Google, for example, did not make its bond market debut until May, 2011. Google issued 3.375% notes due in 10 years last week, which is what has triggered higher trading volume in its bonds. A total of 105 trades were reported on February 21 on 4 fixed-rate non-call senior bond issues of Google Inc. with trading volume of $61.6 million. Of that volume, $52.4 million of trading volume was in the new 10 year Google bonds. For Apple Inc. there were 157 trades on 4 bond issues with an underlying trading volume of $55.6 million. We used all of that data in this note.
Conclusion: Google Inc. default risk is at or near the lowest levels in the USA software and services peer group. Google Inc. bonds offer a credit spread to default probability ratio that is slightly below the median for all bonds which traded at least $5 million on February 21. Investors paid a small premium for the scarcity value of Google Inc. bonds. For those investors who want a better reward to risk ratio and a similar iconic name, Apple Inc. bonds offer better value.
Institutional investors around the world are required to prove to their audit committees, senior management, and regulators that their investments are in fact “investment grade.” For many investors, “investment grade” is an internal definition; for many banks and insurance companies, “investment grade” is also defined by regulators. We consider whether or not a reasonable U.S. bank investor would judge Google Inc. to be “investment grade” under the June 13, 2012 rules mandated by the Dodd-Frank Act of 2010. The default probabilities used are described in detail in the daily default probability analysis posted by Kamakura Corporation.
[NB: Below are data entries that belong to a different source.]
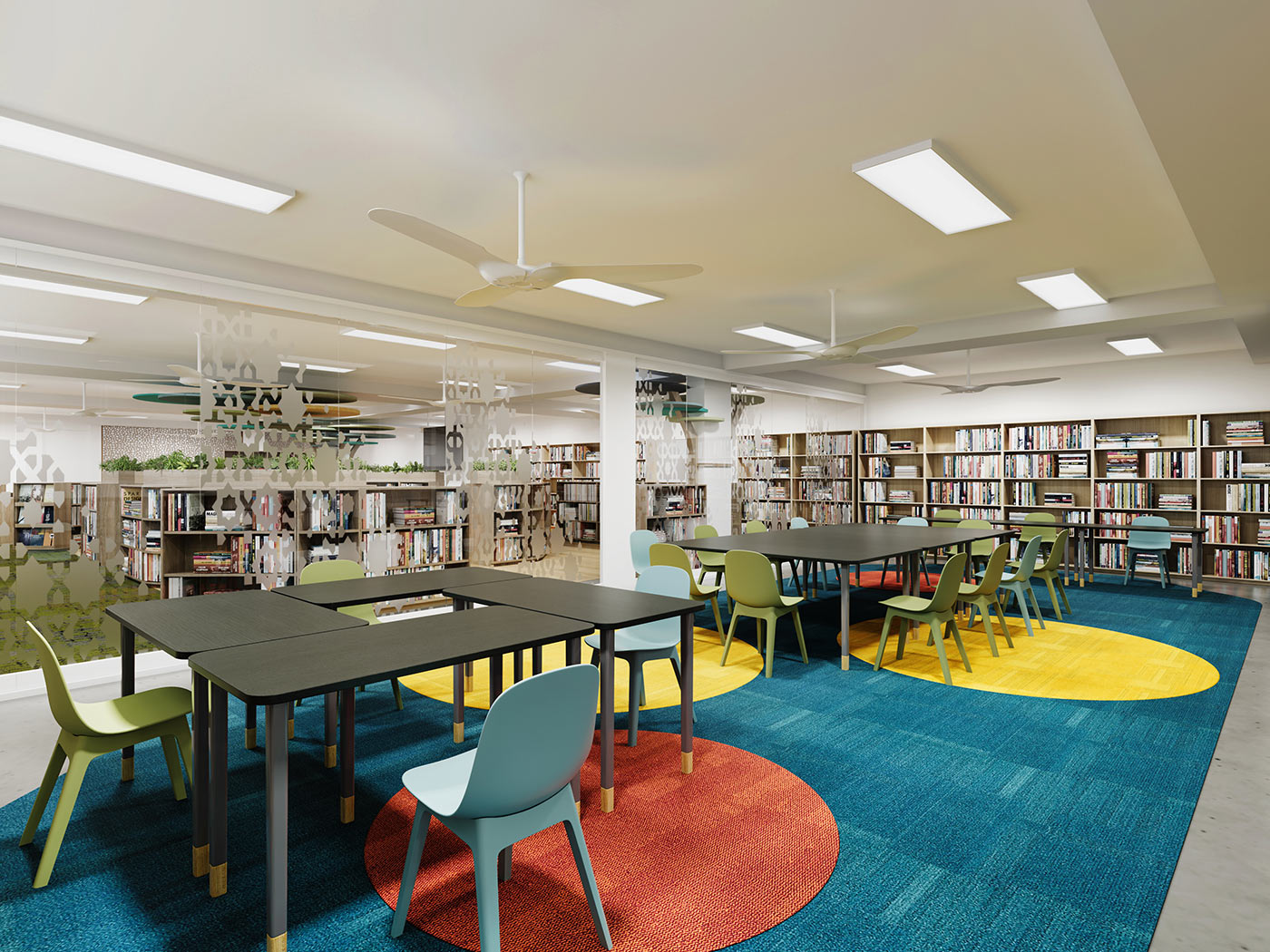 School library study area 3D render with group tables, colourful flooring and open learning environment design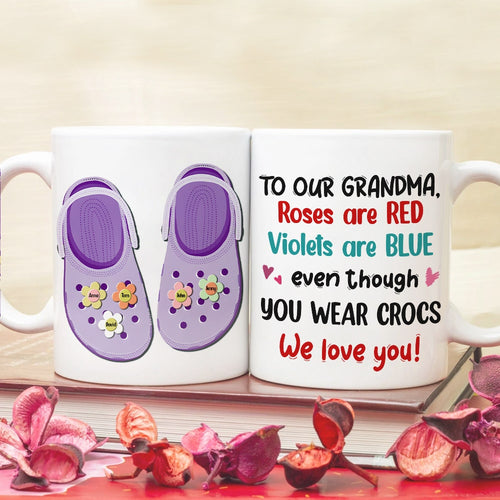 Personalized Grandma Love Crocs Coffee Mug Coffee Mug PopCulturePrints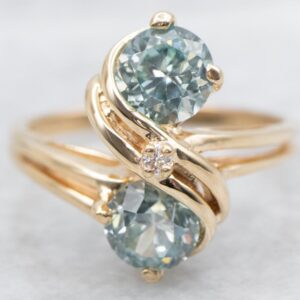 14k Yellow Gold Blue Zircon Toi Et Moi Diamond Ring, Size 7 14k Yellow Gold Blue Zircon Toi Et Moi Diamond Ring, Size 7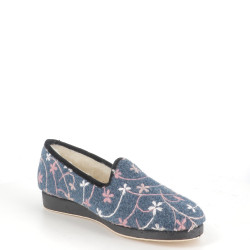 Chausson bleu a fleurs rose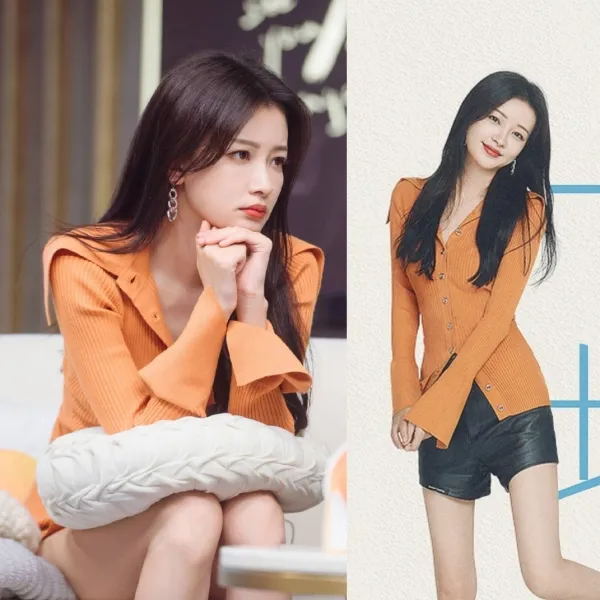 긴팔 니트가디건 디렉터들이다 순진하다 3 쑨이 같은스타일 귤색 상의 여성 2022 가을 슬림 커프스 3897400061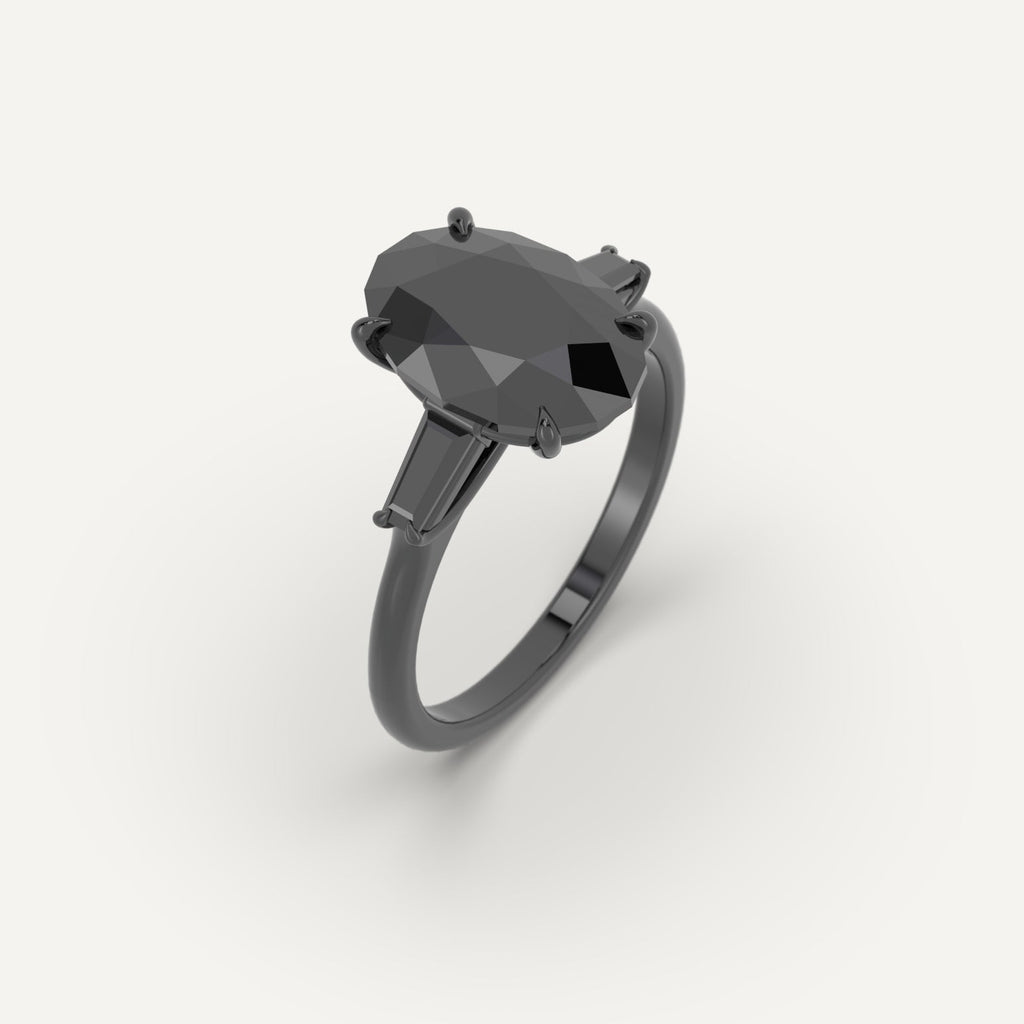 3D Printed 3 carat Oval Cut Engagement Ring in White Gold Model Sample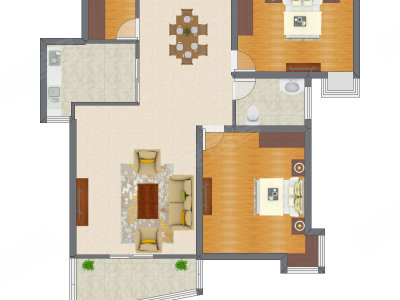 2室2厅 94.45平米户型图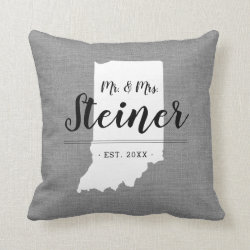 Indiana Family Monogram State Throw Pillow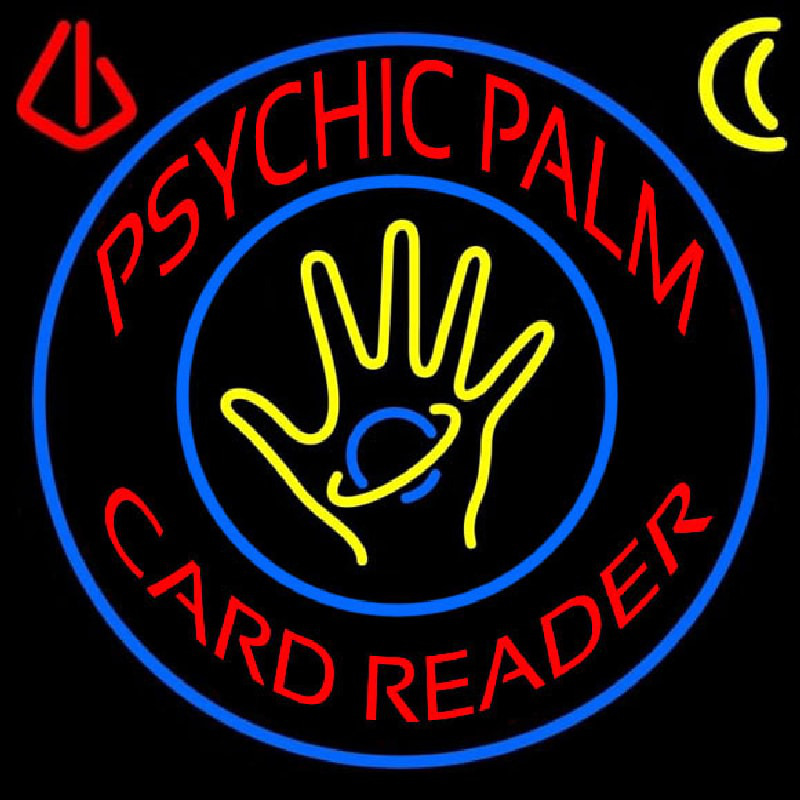 Red Psychic Palm Card Reader Blue Circle Neonkyltti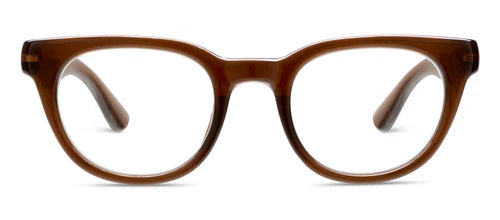 Peepers - Kitt brown eyeglasses with full-rim lightweight acetate frame, wide arms, rounded rectangular lenses, and UV400 protection. Available sizes: narrow and average.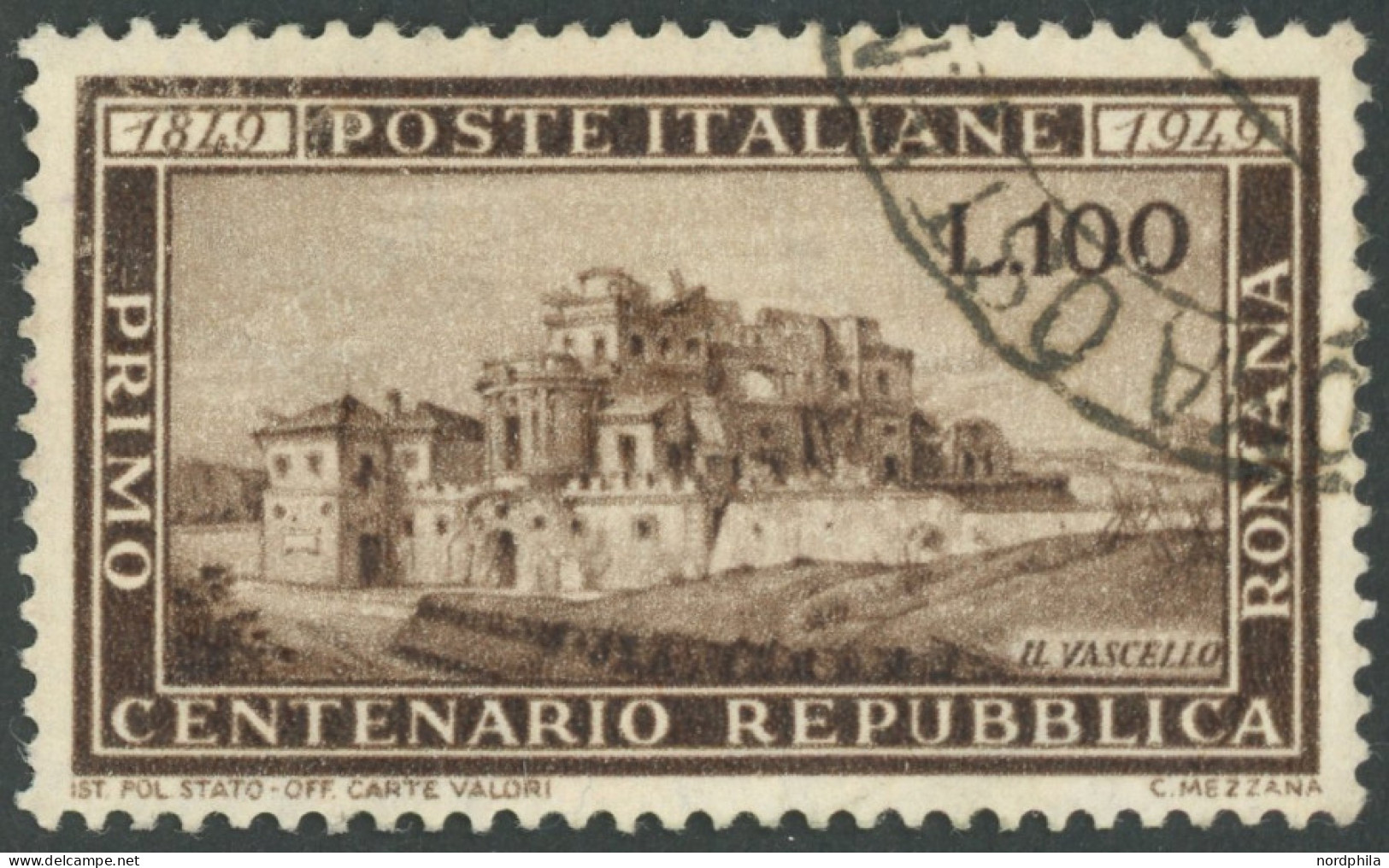 ITALIEN 773 O, 1949, 100 L. Republica Romana, Pracht, Mi. 130.- - Sin Clasificación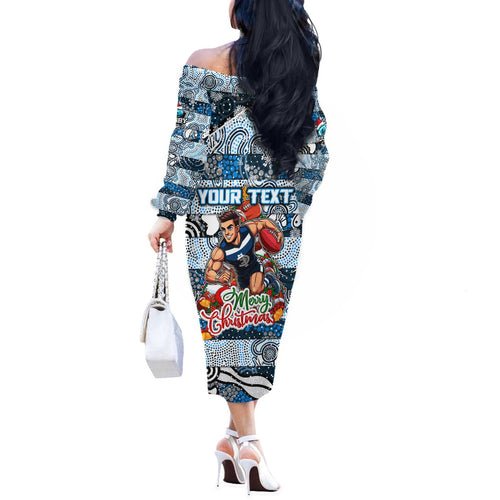 Custom Blues Rugby Merry Christmas Off The Shoulder Long Sleeve Dress Indigenous Australian Art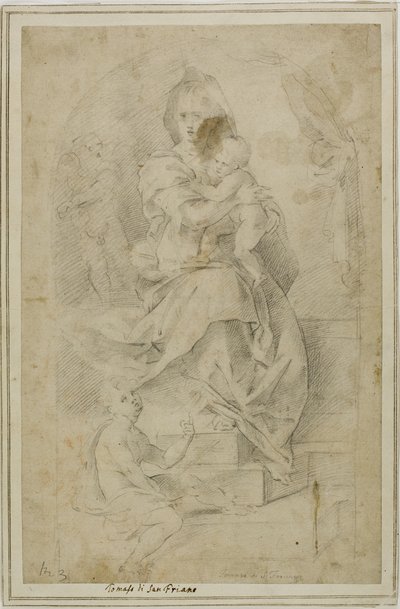 Madonna med barnet och barnet Johannes Döparen av Tommaso Manzuoli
The full text of the Dodd-Frank legislation as it concerns the definition of “investment grade” is summarized at the end of our analysis of Citigroup (C) bonds published December 9, 2013.
Assuming the recovery rate in the event of default would be the same on all bond issues of the same issuer, a sophisticated investor who has moved beyond legacy ratings seeks to maximize revenue per basis point of default risk from each incremental investment, subject to risk limits on macro-factor exposure on a fully default-adjusted basis. In this note, we also analyze the maturities where the credit spread/default probability ratio is highest for Google Inc.
Term Structure of Default Probabilities
Maximizing the ratio of credit spread to matched-maturity default probabilities requires that default probabilities be available at a wide range of maturities. The graph below shows the current default probabilities for Google Inc. (in green) ranging from one month to 10 years on an annualized basis. For maturities longer than ten years, we assume that the ten year default probability is a good estimate of default risk. As a benchmark, we also show the annualized default probabilities for Apple Inc. in yellow. The Google default probabilities range from 0.00% at one month (0.000473% before rounding) to 0.00% at 1 year (0.0004% before rounding) and 0.09% at ten years.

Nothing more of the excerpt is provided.